Subscribe Bookmark


Jun 13, 2011

Making better predictive models quickly with JMP

There are many ways of generating a model such as basic linear regression, decision trees, neural nets, and generalized linear models. JMP Pro can be a great tool for data miners, those who want to get more information out of their data and build more accurate predictive models. It incorporates traditionally complicated algorithms that, in true JMP fashion, even a novice can harness to quickly build powerful models. Bootstrap forests, boosted trees and multilayered-boosted neural nets are just a sample of the powerful tools in JMP Pro. One thing that makes JMP Pro a powerful data mining tool is ability to build, tune and test your model in one step.


A while back, this blog featured a great post on the concept of training, validation and test sets to build your models. To build a model that is not only descriptive but also predictive, validating your model and subsequently testing it is essential.


The first step, as described in the blog entry, was to first split your data into three groups: training, validation and test portions. Next, you build a model based on the training portion of your data that has captured the behavior of the data (your system) and not just the noise. Once you've come up with a legitimate model, you apply that model to the validation set. If you've built a model that captures the underlying behavior, you should get similar behavior. If you do not, you have to go back and build another model; this process may go back and forth a few times. Once you get a model that gives similar behavior in the validation built with the training set, you expect the model to be repeatable so you apply the model to the test set.


JMP Pro is a huge breakthrough in simplifying the process. The first enhancement introduced is a much easier way of generating a validation column. From JMP, choose Cols -> New Column, Initialize Data -> Random -> Random Indicator. Random Indicator column will default to values 0 (Training) , 1 (Validation) and 2 (Test). You can now choose what portion of the data you want to use for each step.


Validation Column Generation




Most of the modeling platforms in JMP Pro now have a option to input a validation column. This allows you to complete the long process of building, tuning and testing your models, as I just described above, in one easy step. As you're inputting your variables, choose your newly made column as the validation option.


JMP Pro Model Validation




One fact of statistics is that not all modeling techniques work well for all data sets. Each technique has its strengths and weaknesses; each one can teach you something different about your data. One strength of JMP Pro is that it offers multiple modeling techniques under one roof. You can try each algorithm, evaluate its performance and even save the model (prediction formula) to the data table as a new column. JMP Pro Version 10 now allows you to compare your models once they've been built.


Compare your models




Run the Model Comparison platform and choose the models you want to compare (or let JMP choose them).

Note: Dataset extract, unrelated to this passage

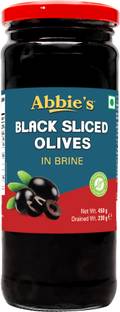Abbie's Black sliced olive 450g pack of 1 Authentic Taste in cooking , Snacking Olives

Compare Multiple Statistical Models




In this example, the Bootstrap Forest seems to have generated the best model. If multiple models have similar statistics, another method to view the models is to use the interactive Profiler platform. It not only allows you to develop an intuitive understanding of how the model works, but it also shows how varying multiple inputs can affect the output. You can download the data I used in this blog post  from the JMP File Exchange and try it out yourself! (Note: Download requires a free SAS profile.)

Community Member

Arka wrote:

Thanks Aashish. This looks really useful. I will ask why you need a validation dataset and then a test set. They appear to serve the same function. Is it a matter of passing the model through 2 filters to see its predictive value?

Community Member

Craig Burkhart wrote:


The training, validation and test sets normally come into play for techniques like neural networks and its associated techniques. In standard neural network regression, the training set is actively used to create the actual model. The validation set's purpose is to tell the modelbuilding step when to stop the training. Typically, a metric of the quality of the model, say rms error, is sampled on the validation set. Once the rms error as a function of the number of iterations (or epochs in neural net speak) flattens out for the validation set, the typical neural network algorithms sample for when the rms error begins to rise. If the rise continues for some stated epoch length--for example, 5-10 epochs--then the optimization is stopped and taken back to the point just before the rise occurred. Since the regression algorithm used the validation set to sense this endpoint, it technically cannot be used as a test of model predictive value. That's where the standard test set comes into play.

Community Member

Mohammad Mirwais wrote:

Dear Sir or Modam, I am a new student and I want to make a modle for the data set which I have now I am new with JMP how should I find some way to teach me step by step to make the modle for the data which I have?

Your coporation will be much more appreciated.

Arati Mejdal wrote:

Hi, Mohammed,

These videos on building models may help you:

Good luck!

Community Member

Mrinal wrote:

Is it possible to do cross validation in JMP for Regression, Neural network and Gaussian process model?